▶ [PROBLEM DESCRIPTION]: Restate all entries exactly. Skip the images.
________
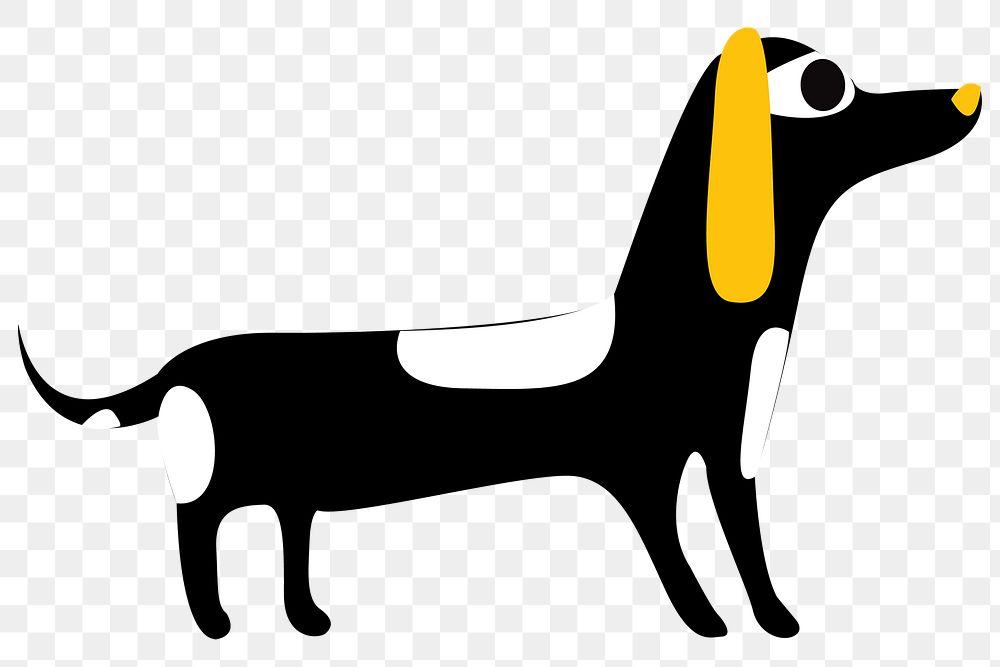 Png dog dachshund digital sticker transparent illustration in black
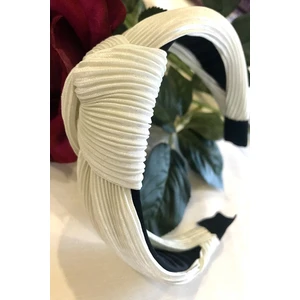 Als Accessories Krem Renk Büzgülü Model Taç, Saç Taçı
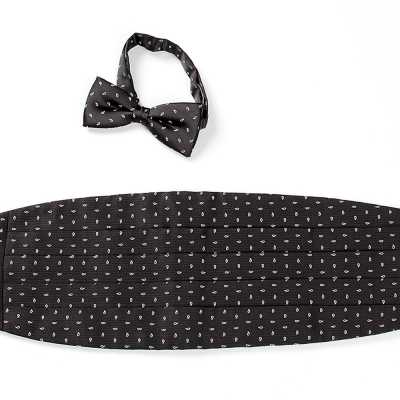 VCM-22 Kummerbund aus VANNERS-Stoff, Paisley Dot, Schwarz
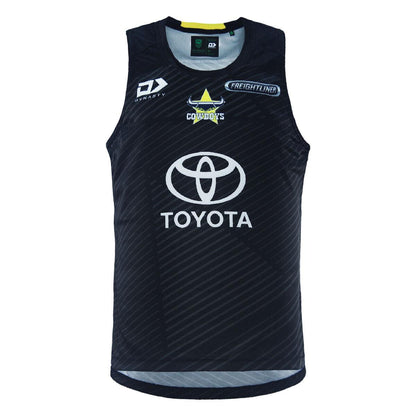 NRL 2024 ALT Training Singlet - North Queensland Cowboys - Black - Mens -DYNASTY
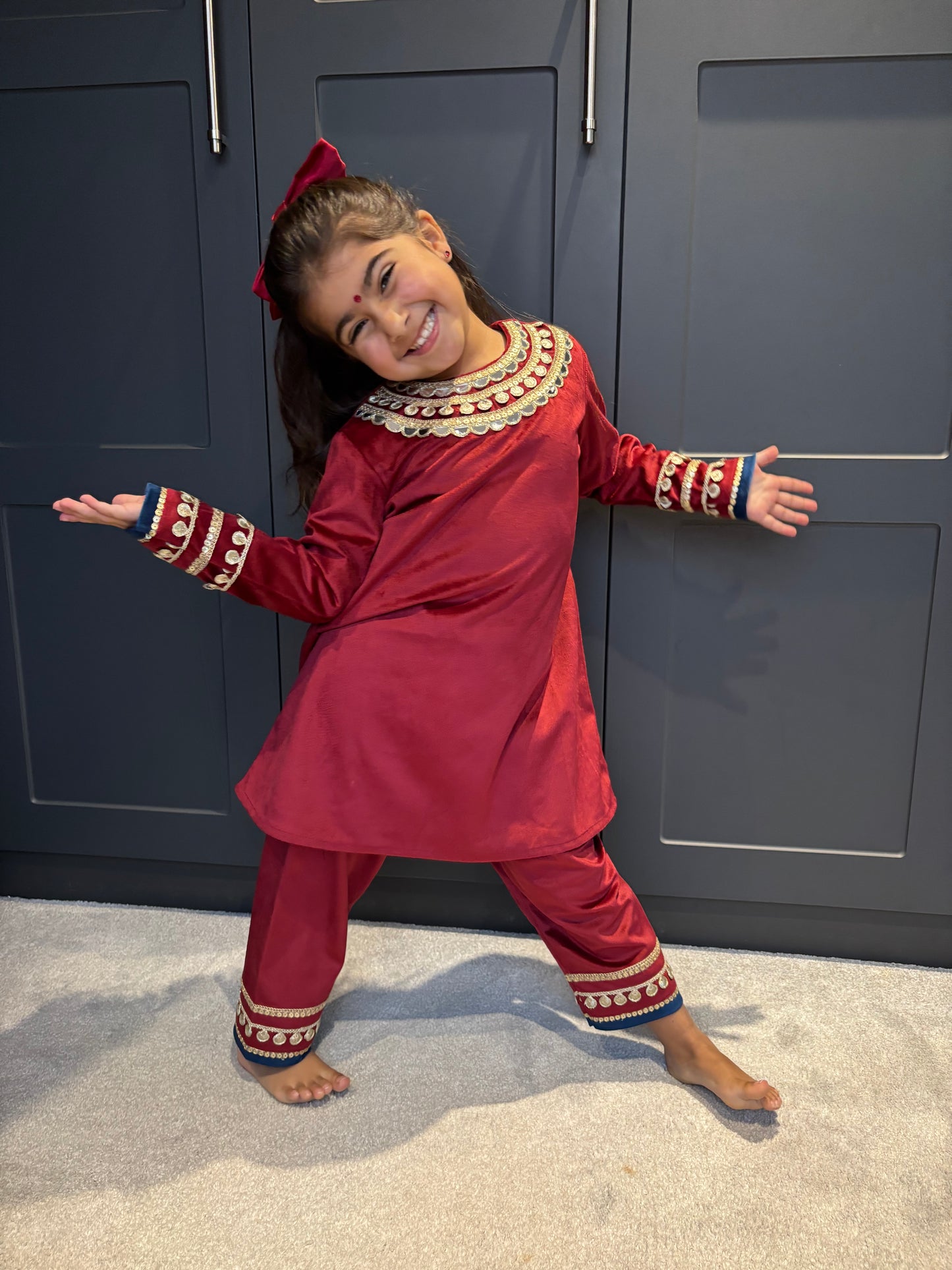 Red Velvet Salwar Suit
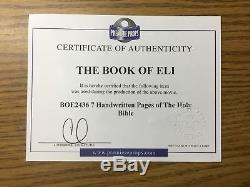 The Book of Eli authentic screen used prop multiple Bible pages COA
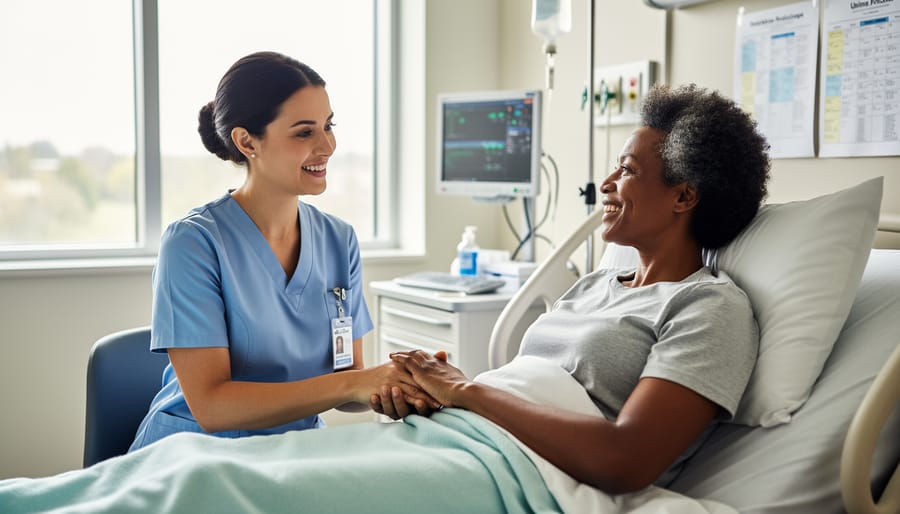 A nurse and elderly patient holding hands near a hospital bed in a calm patient room.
________
▶ [TASK ANSWER]:
 Png dog dachshund digital sticker transparent illustration in black
 Als Accessories Krem Renk Büzgülü Model Taç, Saç Taçı
 VCM-22 Kummerbund aus VANNERS-Stoff, Paisley Dot, Schwarz
 NRL 2024 ALT Training Singlet - North Queensland Cowboys - Black - Mens -DYNASTY
 Red Velvet Salwar Suit
 The Book of Eli authentic screen used prop multiple Bible pages COA
 A nurse and elderly patient holding hands near a hospital bed in a calm patient room.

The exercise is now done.